• Required work: Copy down the listing below exactly. Do not include pictures.

• Source data:

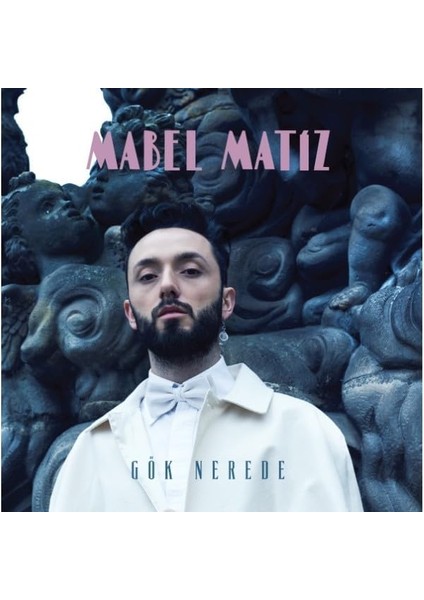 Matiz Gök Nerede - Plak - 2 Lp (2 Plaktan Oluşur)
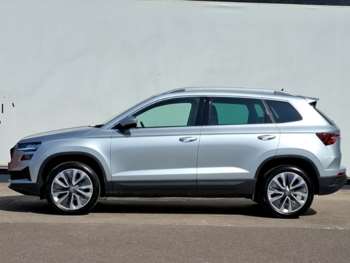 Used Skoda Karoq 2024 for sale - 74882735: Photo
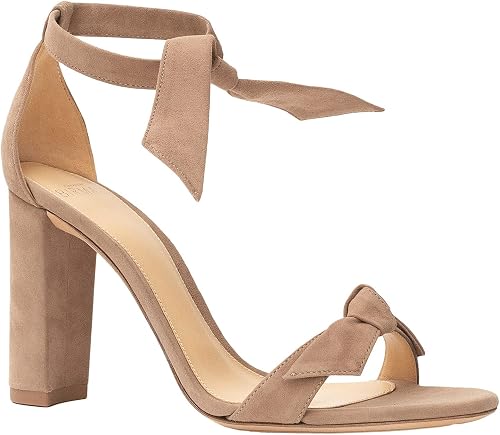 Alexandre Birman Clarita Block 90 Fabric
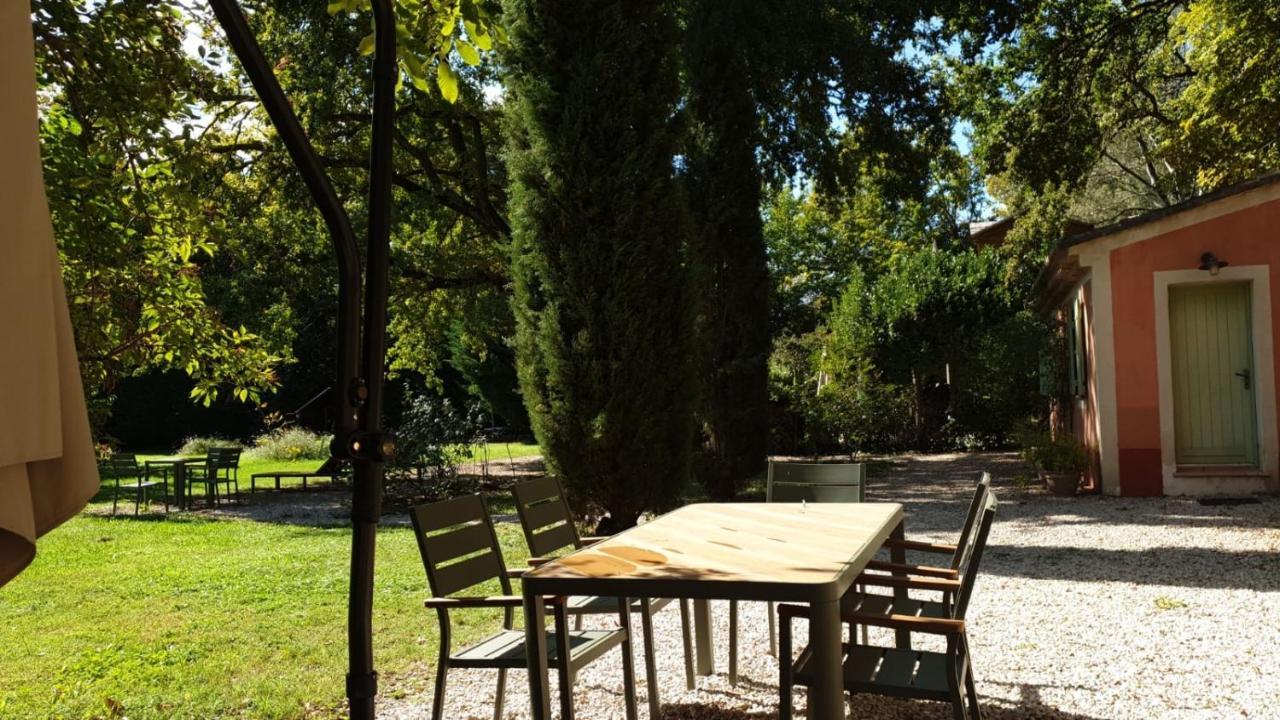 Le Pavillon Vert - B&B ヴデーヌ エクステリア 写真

• Answer box:
 Matiz Gök Nerede - Plak - 2 Lp (2 Plaktan Oluşur)
 Used Skoda Karoq 2024 for sale - 74882735: Photo
 Alexandre Birman Clarita Block 90 Fabric
 Le Pavillon Vert - B&B ヴデーヌ エクステリア 写真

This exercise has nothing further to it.